■ PROMPT ■
Beneath this line sits some data. Return only its lines from the one holding "Mulher olha por" through the one holding "A perspective view", inclusive, exactly, with the images removed.
GIVEN RECORDS section start
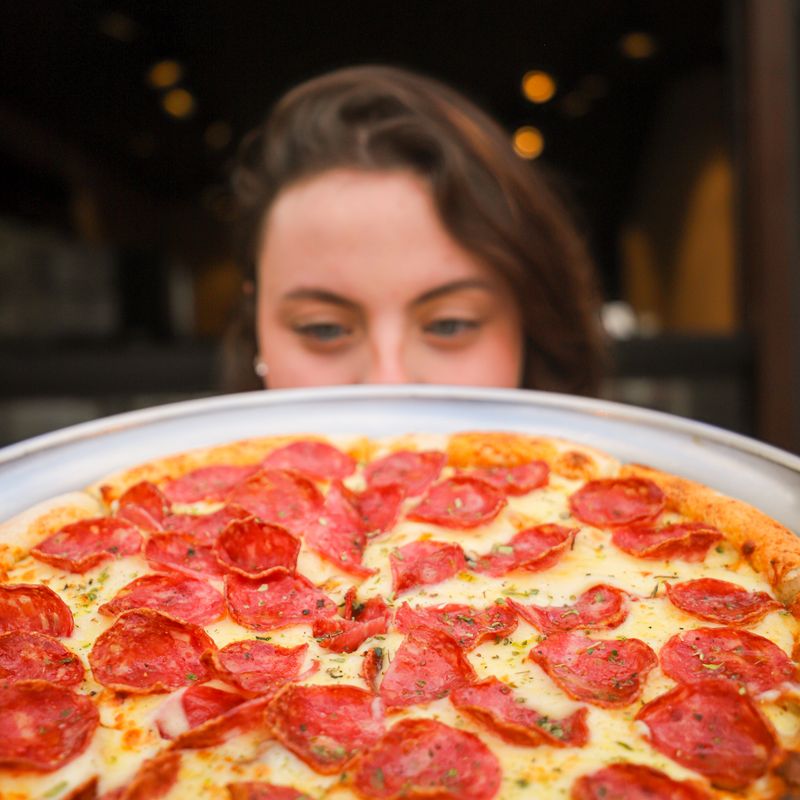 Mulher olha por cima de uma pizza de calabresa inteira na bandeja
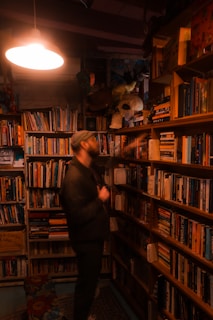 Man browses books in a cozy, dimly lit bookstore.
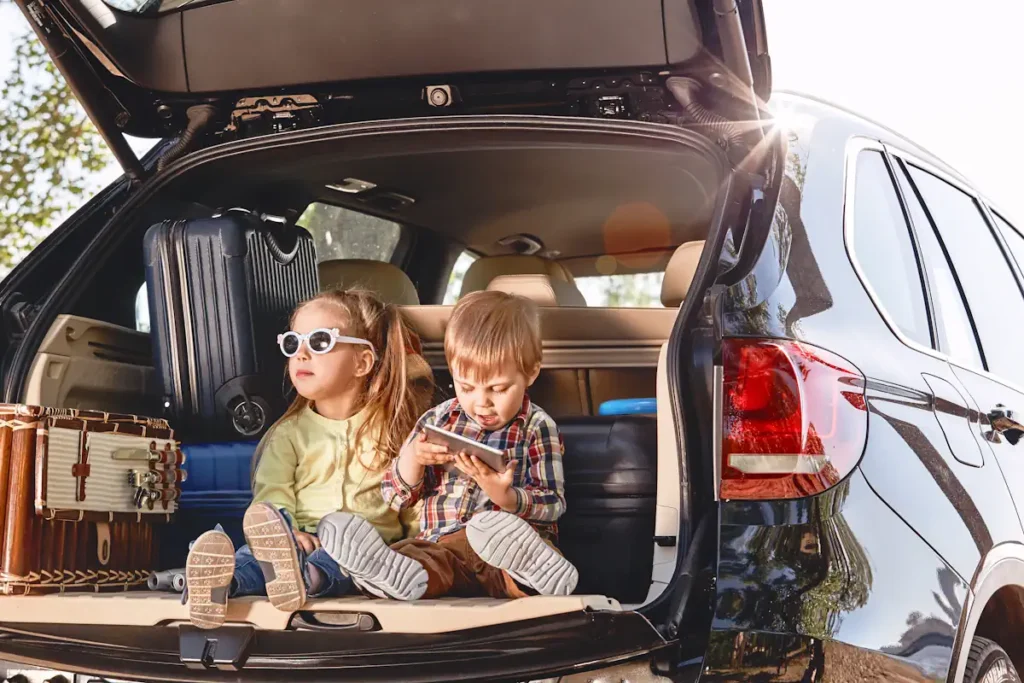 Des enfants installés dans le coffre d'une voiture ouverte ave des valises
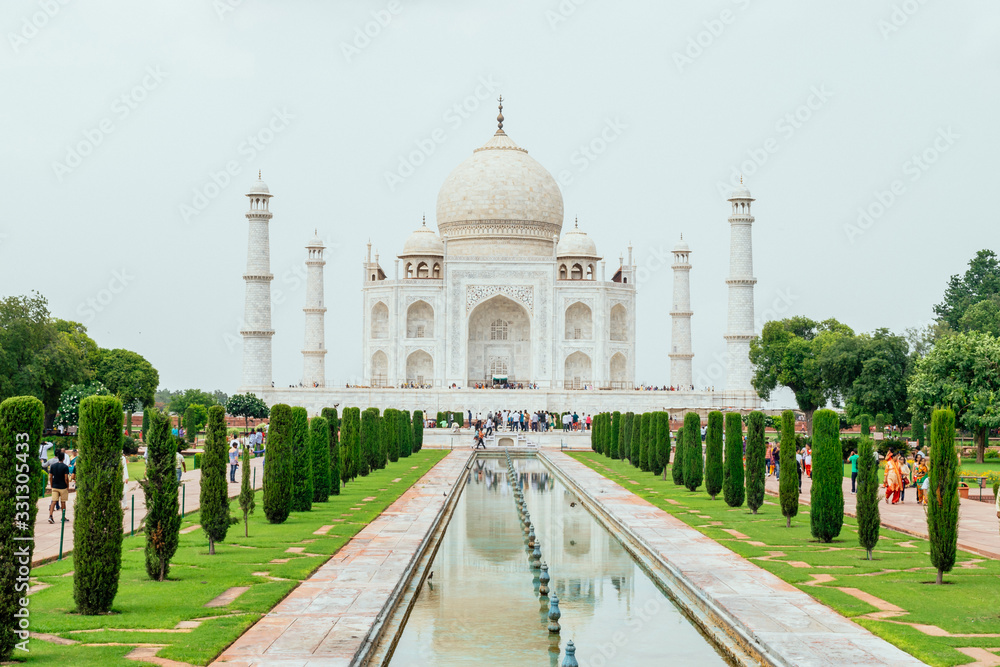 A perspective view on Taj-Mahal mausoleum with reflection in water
GIVEN RECORDS section end
GIVEN RECORDS section start
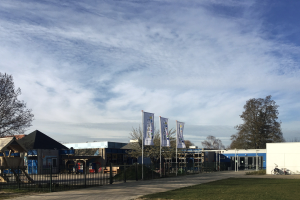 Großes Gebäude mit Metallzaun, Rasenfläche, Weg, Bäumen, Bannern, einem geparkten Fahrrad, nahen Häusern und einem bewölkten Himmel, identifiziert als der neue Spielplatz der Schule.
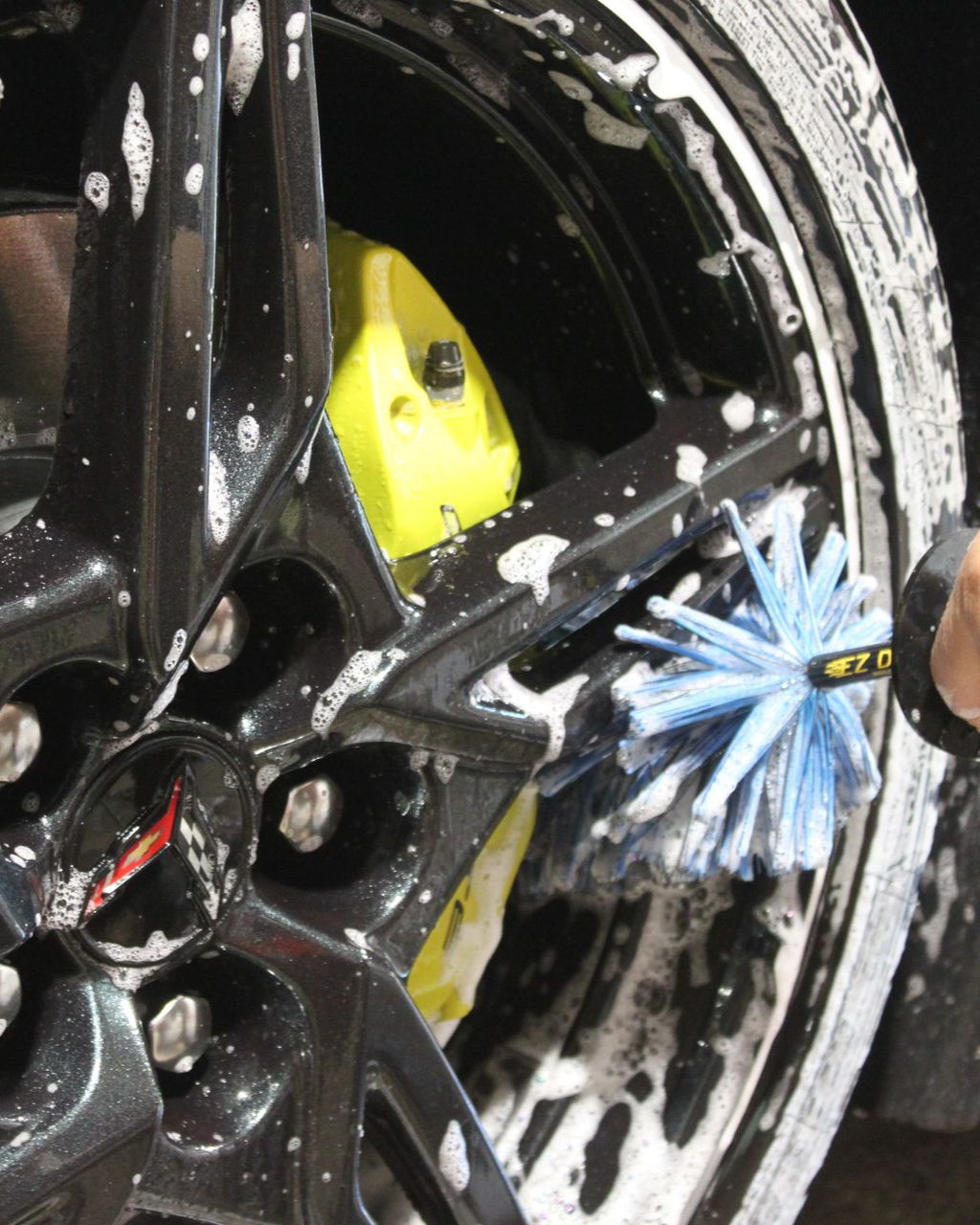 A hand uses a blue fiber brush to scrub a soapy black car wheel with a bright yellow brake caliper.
GIVEN RECORDS section end
■ TASK ANSWER ■
 Mulher olha por cima de uma pizza de calabresa inteira na bandeja
 Man browses books in a cozy, dimly lit bookstore.
 Des enfants installés dans le coffre d'une voiture ouverte ave des valises
 A perspective view on Taj-Mahal mausoleum with reflection in water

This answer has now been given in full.